Restoration Beyond Recognition (5:1-20)
The chapter opens with one of Mark's most dramatic healing stories. Jesus and his disciples cross the Sea of Galilee into Gentile territory, where they encounter a man possessed by demons. Mark's description is pretty bleak: the man lives among tombs, cannot be restrained even with chains, and spends his time "howling and bruising himself with stones" (5:5).
This is someone the community has given up on. He exists in the space between life and death, human and animal, sacred and profane. The tombs where he lives represent the ultimate boundary of ritual purity - contact with the dead rendered one unclean and excluded from community participation.
When Jesus asks the demons their name, they reply "Legion; for we are many" (5:9). This isn't just about quantity - "legion" was the term for a Roman military unit of about 6,000 soldiers. The naming suggests this man's torment is connected to imperial occupation and violence. His demons bear the name of Rome's oppressive military force.
The demons' request to enter a herd of pigs introduces dark comedy into the narrative. Pigs were considered unclean animals, forbidden to Jewish dietary law but essential to Gentile economic life. When the demons enter the swine and the herd rushes into the sea, it's both cosmic justice and economic disruption - the unclean spirits find their proper home in unclean animals, but the local economy suffers significant loss ¯\_(ツ)_/¯
From an intersectional perspective, this story speaks powerfully to communities dealing with complex trauma.
The man's self-harm, social isolation, and inability to be "restrained" by conventional interventions resonates with experiences of PTSD, addiction, and other conditions that push people beyond the reach of standard community support systems.
The restoration is as dramatic as the possession. When the townspeople find the formerly demon-possessed man "sitting there, clothed and in his right mind" (5:15), their response isn't celebration but fear. They beg Jesus to leave their region. Sometimes healing threatens established systems more than sickness does.
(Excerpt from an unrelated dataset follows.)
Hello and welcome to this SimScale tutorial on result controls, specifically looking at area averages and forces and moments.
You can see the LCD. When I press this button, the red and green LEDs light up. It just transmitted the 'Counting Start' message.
The man's request to follow Jesus receives an unexpected response. Instead of joining the traveling community, Jesus tells him: "Go home to your friends, and tell them how much the Lord has done for you, and what mercy he has shown you" (5:19). The man becomes the first missionary to the Gentiles, sharing his testimony throughout the Decapolis.
This detail is often overlooked but theologically significant. The man's healing doesn't require him to abandon his cultural context or join a different religious community. His restoration includes reclaiming his place in his own society, transformed but not displaced.
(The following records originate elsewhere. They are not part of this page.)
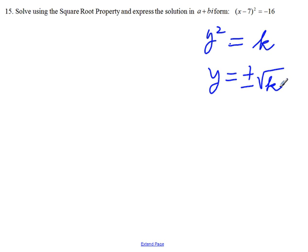Notice that the given equation is in the form y squared equal to k. The question also says the solution is in a plus bi form, so the solution is a complex number. We should expect i, or the square root of minus 1. So let's start solving the equation.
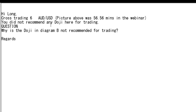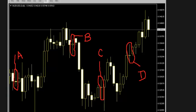You did not recommend any doji here for trading. Question: why is the doji in diagram V not recommended for trading? Because the open price and close price are not the same.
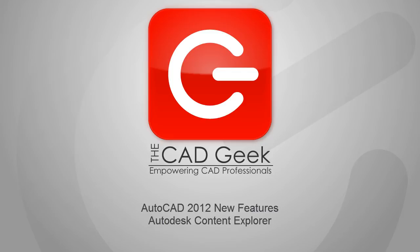Hello everyone, Donnie Gladfelter from The CAD Geek, sharing with you one of my favorite new features inside of AutoCAD 2012, and that is the Autodesk Content Explorer.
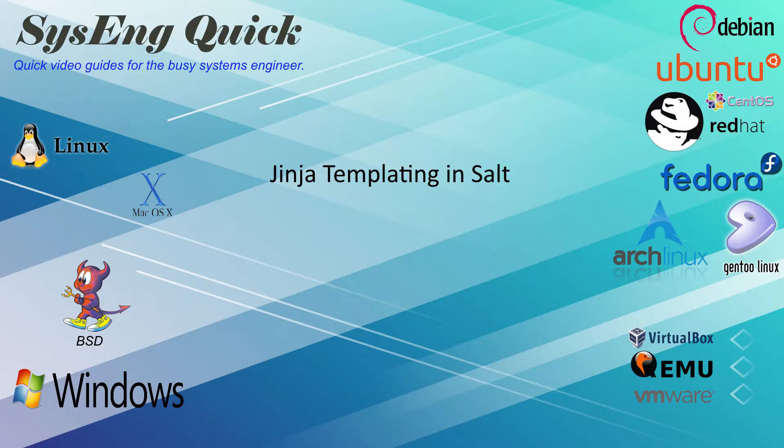Hi, this is John with SysEng Quick. Today I'm going to show you how to use Jinja templating in salt states. Jinja templates allow you to add conditional logic and variables, among other things that can be useful when designing versatile state files.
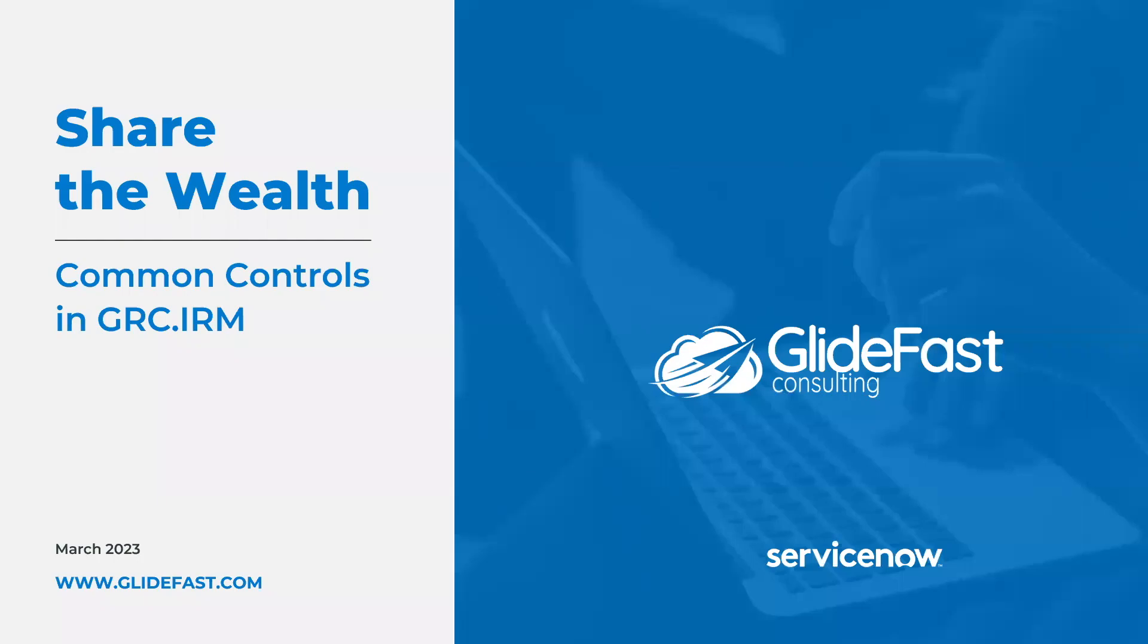Hello and welcome to Glidefast Share the Well. Today we'll be talking at a high level about GRC IRM's new Utah feature for policy compliance application and common controls.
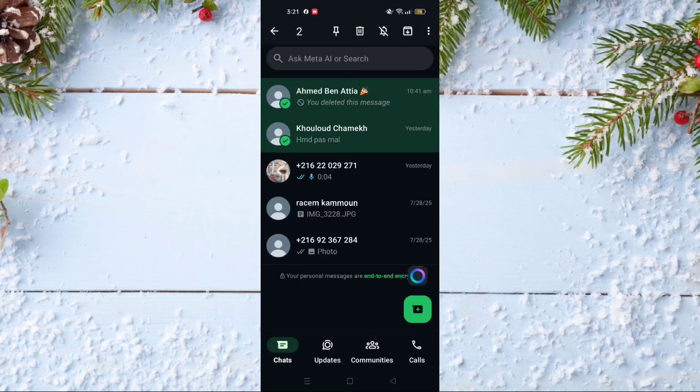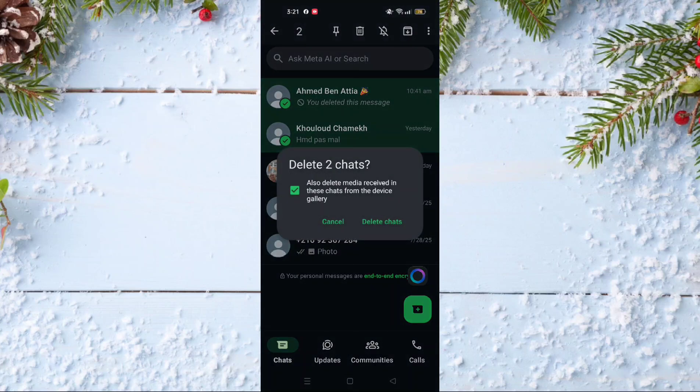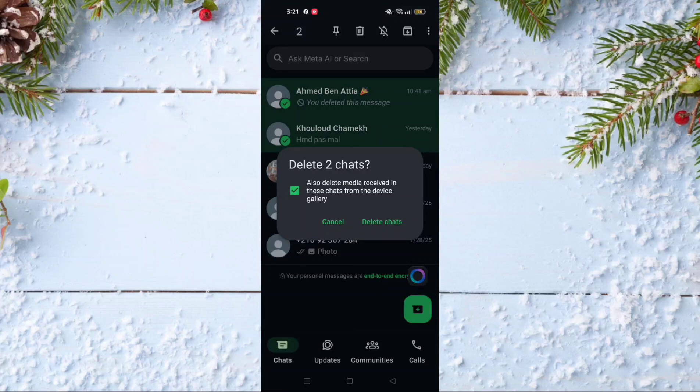After that, as you can see, there is a delete icon on the top of the screen. You just have to click on it, and then you have to click again on delete chats. Like that, you will delete a single conversation or multiple conversations from your WhatsApp account.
Intersecting Healings (5:21-43)
Mark's second healing story actually contains two interconnected narratives - a literary technique called "intercalation" or "sandwich construction." The story of Jairus's dying daughter frames the healing of a woman with chronic bleeding, and the two stories illuminate each other in profound ways.
Jairus represents religious respectability - he's a synagogue leader with social standing and community connections. When his twelve-year-old daughter becomes critically ill, he has the privilege of direct access to Jesus. He can approach publicly, make his request openly, and expect a response.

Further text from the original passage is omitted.